Work task >> Write the data out again exactly, with every picture removed.

Recorded data >>
■ ■ ■ ■
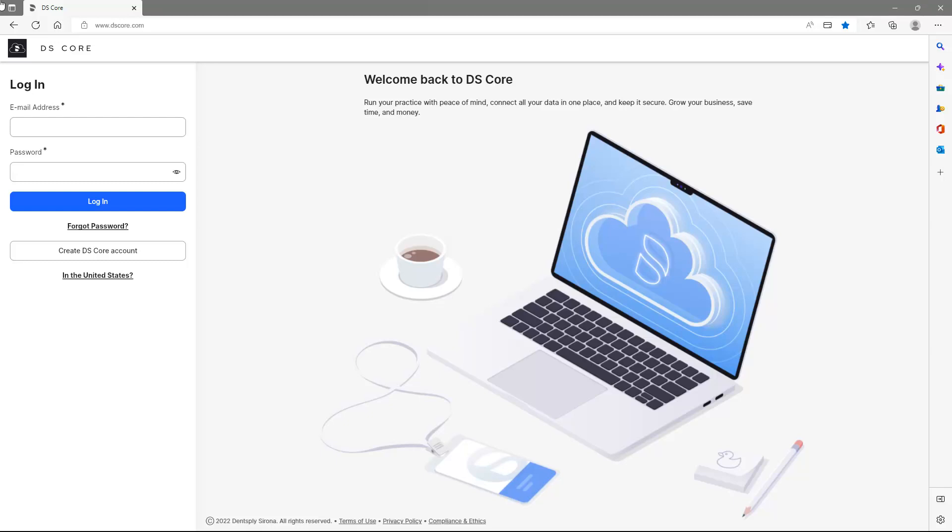The first step is to go to dscore.com on a web browser. We recommend that by registration, you are connected to your practice network so that you can continue right away with connecting your devices. If not, you can always do this at a later stage.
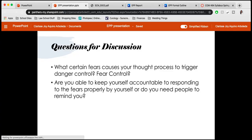The discussion questions I have for you are: what certain fears cause your thought process to trigger danger control or fear control? For me, certain fears that trigger danger control would be an upcoming test — I figure out ways to study, look over notes, talk to peers, or email my teacher. When it comes to fear control, fears like accidents or someone being sick — things that don't happen as often — tend to cause fear control for me. The second question is: are you able to keep yourself accountable by responding to fears properly on your own, or do you need people to remind you? A lot of what comes with Extended Parallel Process Theory is keeping yourself accountable and being self-efficacious, but sometimes it's really hard, especially when people are busy and have a lot going on.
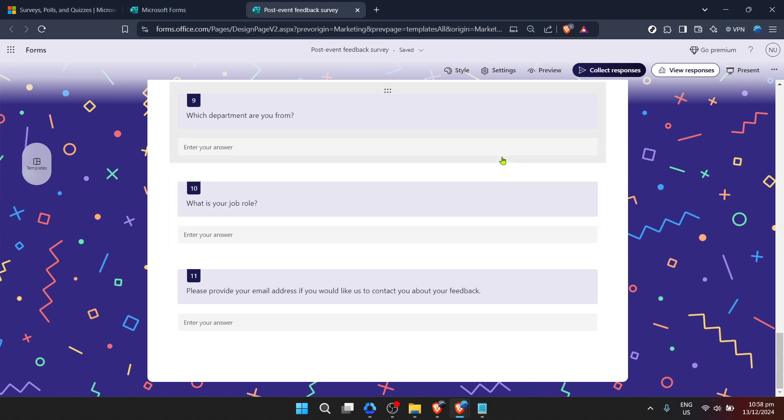Thank you for joining me in this video. Dive in, get creative with Microsoft Forms, and start transforming feedback into your runway for growth and improvement. Happy form creating!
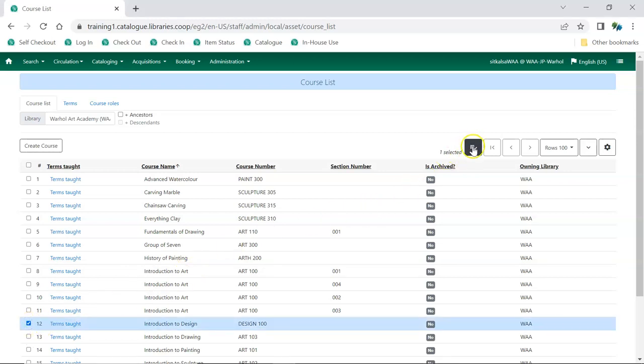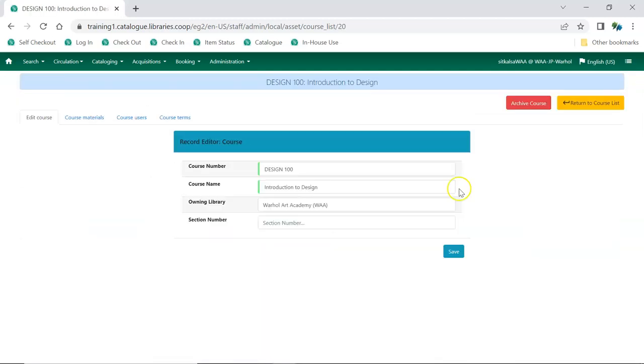From the Actions menu, choose Edit Selected. Click on the Course Users tab.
■ ■ ■ ■
Exercise solution >>
The first step is to go to dscore.com on a web browser. We recommend that by registration, you are connected to your practice network so that you can continue right away with connecting your devices. If not, you can always do this at a later stage.
The discussion questions I have for you are: what certain fears cause your thought process to trigger danger control or fear control? For me, certain fears that trigger danger control would be an upcoming test — I figure out ways to study, look over notes, talk to peers, or email my teacher. When it comes to fear control, fears like accidents or someone being sick — things that don't happen as often — tend to cause fear control for me. The second question is: are you able to keep yourself accountable by responding to fears properly on your own, or do you need people to remind you? A lot of what comes with Extended Parallel Process Theory is keeping yourself accountable and being self-efficacious, but sometimes it's really hard, especially when people are busy and have a lot going on.
Thank you for joining me in this video. Dive in, get creative with Microsoft Forms, and start transforming feedback into your runway for growth and improvement. Happy form creating!
From the Actions menu, choose Edit Selected. Click on the Course Users tab.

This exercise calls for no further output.